The Lake Is Gone. Mostly.

9

Snow doesn’t always come. That’s the problem.

The Gila River used to carry enough water to matter. From the snowy peaks of New Mexico down to the Arizona desert. It feeds farms, towns, and wildlife. Or it does, when the Mogollon and Black Ranges actually get winter precipitation. That runoff fills San Carlos Reservoir behind Coolidge Dam. A massive tank of water. Arizona’s kind of big deal.

Then 2026 happened.

Winter was dry. Brutally so. The snowpack across the Gila watershed sat at 2% of normal median. Two percent. April streamflow? A fraction. Just 39% of what it should be. Farmers got their legally mandated releases first, as always. Then the rest drained away.

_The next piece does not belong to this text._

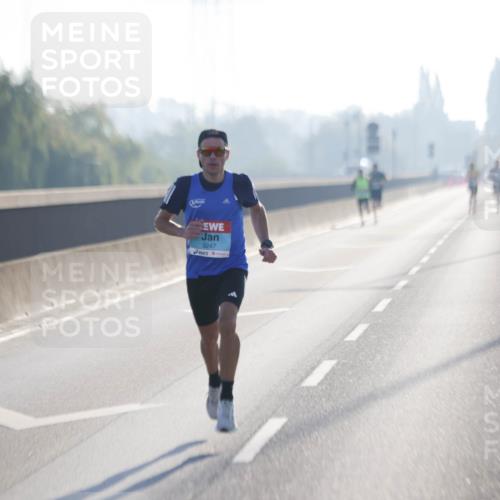03.10.2025 - Köhlbrandbrückenlauf Jannik Wohlers http://msf.ph/oto/9052999 03.10.2025 09:10:20 Position 3 3247 meine-sportfotos.de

By June, the reservoir held less than 400 acre-foot. Satellite imagery doesn’t lie. Look at Landsat data from May 2026 and you see a ribbon of mud. Less than 1% full. Compare that to June 2023. The place was 60% full. Now tamarisk, willow cottonwood, and sedge are growing on the exposed lakebed because the water vanished.

“The vegetation lines the channel where water used to be.”

Then the fish died.

Not just some. All of them. Hypoxia struck as oxygen dropped in the shrinking, warm sludge. Largemouth bass. Black crappie. Catfish. Rainbow trout. Gone. The San Carlos Recreation and Wildlife Department closed the reservoir indefinitely on June 5. They warned about decomposing carcasses too. A health hazard for anyone dumb enough to try fishing.

Is it shocking? No.

This lake has gone completely dry twenty times since 1930. Will Rogers told President Calvin Coolidge during the dedication, “If that was my lake I’d mow it.” There was grass on the bottom back then. Fish kills aren’t new. Remember 1976? Five million fish died. Took five years for the ecosystem to bounce back. 2018? Same thing.

Maybe it gets better. Maybe not.

New Mexico remains in severe multi-year drought. The headwaters are thirsty. But monsoons are fickle and powerful. NOAA gave the region a 33 to 51% shot at above-average rain this summer. Add strengthening El Niño patterns in the Pacific and the odds tilt slightly toward relief. Heavy rain can refill this thing fast. If it hits.

The basin is waiting. Watching.

Will the sky crack open? Or does the tamarisk keep growing?